Lucas
Dawn. The magical time between night and day, where the darkened sky welcomes the first hints of light from the rising sun. As a child, I can remember watching the subtle changes with anticipation. Every second that the sky grew brighter brought me closer to whatever adventure I was looking forward to. Christmas mornings. Road trips. Birthdays. All those memory-making highlights of childhood that center around love and family.
I don't have to look much beyond my immediate circle of friends to know that I'm one of the lucky ones. I was born to parents who've made us the center of their universe and who shower us with an unlimited supply of love and acceptance. As a construction worker and teacher, it took a tremendous amount of sacrifice on their part to give us the amazing life we have. It's something Jenny and I don't take lightly and have never taken for granted.
As I look beyond the window at the changing sky, for the first time in my life, the threat of sunrise fills me with dread. Up to now, the cover of night served as a sanctuary, shielding us from facing the truth of our reality. A truth that's grown more and more apparent with every minute I've laid here waiting for my parents to walk through that door.
Sitting up, I throw my legs off the side of the bed and then run my hands over my face. Looking behind me, I use the bit of light coming through the window to check in on the girls who are huddled together and still asleep. My sister is curled up facing Embree, her face relaxed, in direct contradiction to how she looked a few hours ago. Like I'm afraid this is the last time I'll see her at peace I zone in, unable to look away.
When my breath catches in my throat, it takes a second to reign in the tears that threaten to fall. She looks so much like my mom. Something I never noticed before, but from the shape of her face, her eyes, and her light auburn hair, there is no mistaking the resemblance. Suddenly breathless, I close my eyes and drop my head into my hands.
When Uncle George brought us home, Jenny was so distraught that he didn't object to the three of us collapsing together on the bed. Me and Embree on either side, with my shattered sister laying between us. For the few hours it took for her to fall asleep, Embree and I offered whatever small comfort we could. It wasn't much, but to my relief, she eventually passed out. Not long after, Embree's hand—which had held mine since we laid down—went slack, signaling that she too had given in to exhaustion.
For me, on the other hand, sleep has proven elusive. The sound of my sister's pain continues to reverberate through my ears even as she's gone quiet. The horrific visions from the night continue to bombard my thoughts in an endless loop I can't escape. And then there's the fear that inundates my head with worst-case scenarios. It's like I'm stuck in a mighty ocean, fighting for air amongst waves determined to drown me.

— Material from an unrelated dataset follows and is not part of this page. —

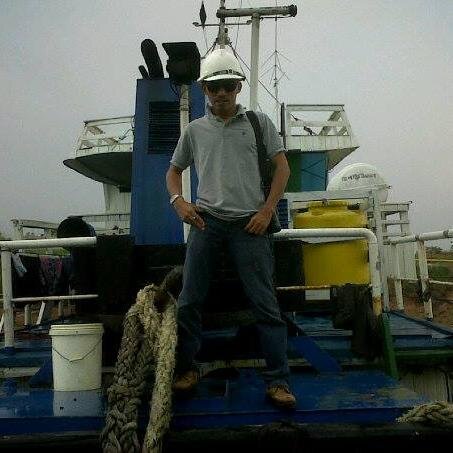 gugunMS's profile picture. Cowok hebat dan cowok idaman itu adalah dia yg bisa bahagiakan Orang tua dan kekasihnya.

As is the case when I'm on the verge of losing myself, I search for the cure to everything that ails me. Embree. The balm to my wounded heart and my soul's salvation. Even in sleep, her face reflects the same grief and worry that consumes me.
It doesn't seem fair.
Last night we were together, just as we're meant to be. We were happy. So damn happy that I'll never forget the bright light of hope and contentment that settled deep within my chest. And that first kiss, my very first taste of her, that moment will forever be one of the highlights of my life. But with everything that's happening, how do I honor the promises I made to her last night? Especially if the very foundation of my existence may have crumbled into ash.
Unwilling to face the questions ruminating in my head, I rise from the bed. While I'm not ready to face the day, I'm much too restless to continue sitting here dwelling in misery. With quiet steps, I leave the bedroom, stopping to cast one last glance at the girls before carefully shutting the door. Dropping my head against the cool wooden surface, I take a second to steel myself. For the sake of my sister and Embree, no matter the news, I must keep it together. They need me to be strong. To be present and confident. Steady. To be their lighthouse amid the waves and darkened sky that threaten to take us under.